# How do Columbus SL and Brain tubing compare?



## bismo37 (Mar 22, 2002)

I was looking at bike with Columbus Brain tubing. How does it compare to SL, SLX tubing in terms of weight, diameter, quality, etc?

Thanks!


----------



## rufus (Feb 3, 2004)

not a whole lot of difference. if we're talking Brain oversized, it'll have butted sections about .1mm thinner than SLX, and I'm assuming, SL. but the weight of the tubesets ends up about the same because that little bit thinner section isn't enough to offset the weight of the larger diameter tubes, as compared to SL or SLX. 

Brain tubesets are a mix of Cyclex (cro-moly alloyed with vanadium)and Columbus generic cro-moly, while SLX is all Cyclex. tensile strength for both is the same.


----------



## Nessism (Feb 6, 2004)

rufus said:


> not a whole lot of difference. if we're talking Brain oversized, it'll have butted sections about .1mm thinner than SLX, and I'm assuming, SL. but the weight of the tubesets ends up about the same because that little bit thinner section isn't enough to offset the weight of the larger diameter tubes, as compared to SL or SLX.
> 
> Brain tubesets are a mix of Cyclex (cro-moly alloyed with vanadium)and Columbus generic cro-moly, while SLX is all Cyclex. tensile strength for both is the same.


A Brain frame will be stiffer than SL/SLX because the tubes are larger in diameter and the thickness is only slighter thinner. Whether stiffer is better is another matter.


----------



## cmg (Oct 27, 2004)

in the last 2 weeks there have been several brain or SL framesets on eBay in the smaller sizes 53 or less. which tubeset would be stiffer? example torelli coutach, brain in 52 versus a Gios torino in 52 in SL.


----------



## Squeegy200 (Dec 1, 2005)

I have a Colnago Altain (Brain tubing) and my brother has a Colnago Spiral Conic (SLX) Both bikes are the same size, weight, and similarly equipped. These two bikes are about as identical as can be. I've ridden both framesets extensively on the same routes. Regarding climbing, descending, and long distance characteristics-- I cannot perceive any difference between the two materials.


----------



## rufus (Feb 3, 2004)

Nessism said:


> A Brain frame will be stiffer than SL/SLX because the tubes are larger in diameter and the thickness is only slighter thinner. Whether stiffer is better is another matter.
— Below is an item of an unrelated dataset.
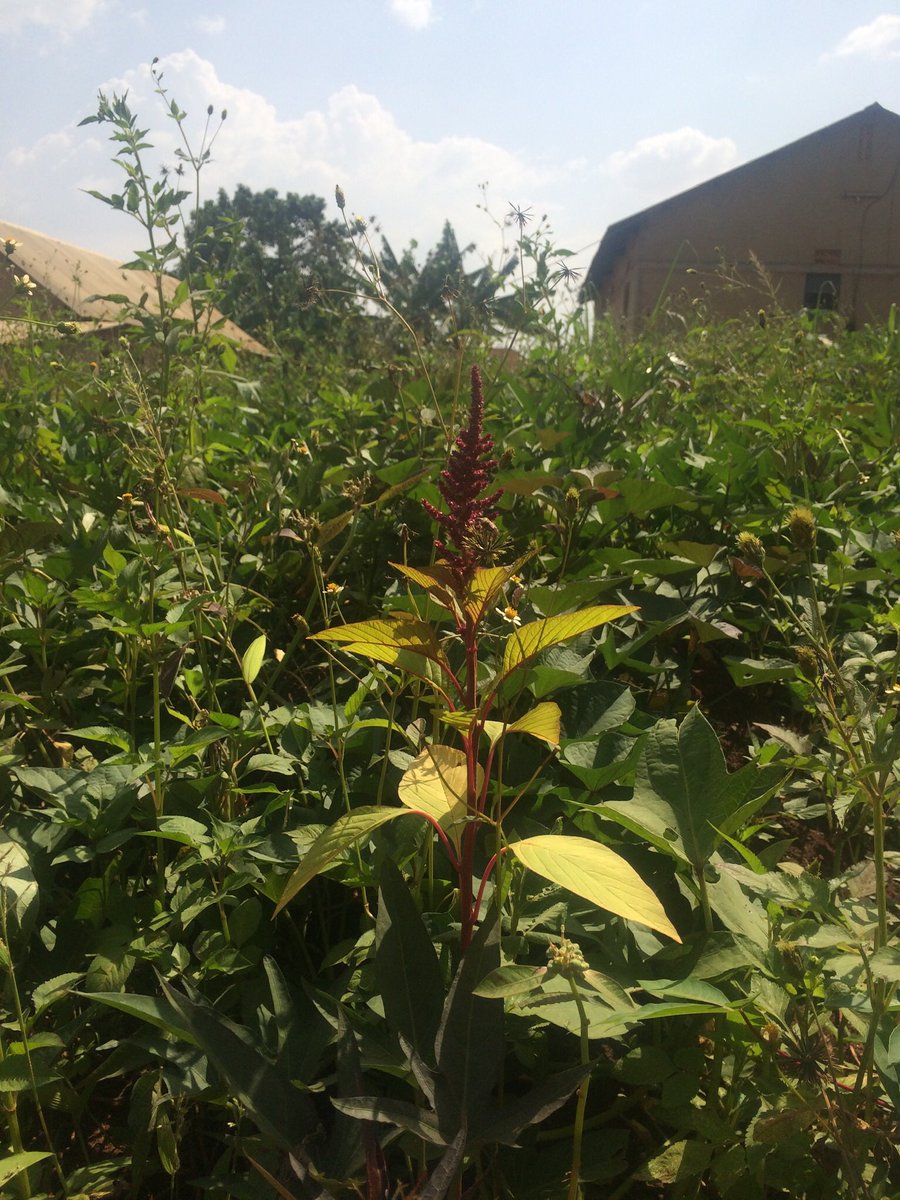 9BeeTi's tweet photo. Will resume regular #UG #Herbal #Natural #Africa #Panasiyah tweeting 1/1/20. Fare well in the meantime. https://t.co/EzF596kLQd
if it's Brain OS, possibly. but Brain came in regular tube dimensions also.


----------



## DaveG (Feb 4, 2004)

*steel*



jeebus said:


> I was looking at bike with Columbus Brain tubing. How does it compare to SL, SLX tubing in terms of weight, diameter, quality, etc?
> 
> Thanks!


The inherent stiffness of steel is the same whether its Brain, Genius or Foco. That assumes tubes of the same thickness and diameter. However, with steels of higher strength, you can use thinner walls. To componsate for loss of stiffness, these tubes are often larger in diameter. You can make an equally stiff frame from any steel but weight will be higher in the lower grades. I have three steel bikes. One with Brain (megatube shaped downtube), one with Zona (Torelli) also with a Megatube, and one with Genius (traditional round tubes). The Brain-tubed frame is the most compliant. It's also my favorite for long rides due to the comfort factor.


----------



## AlexCad5 (Jan 2, 2005)

Or you could buy a bike with modern tubing??? Just a thought.


----------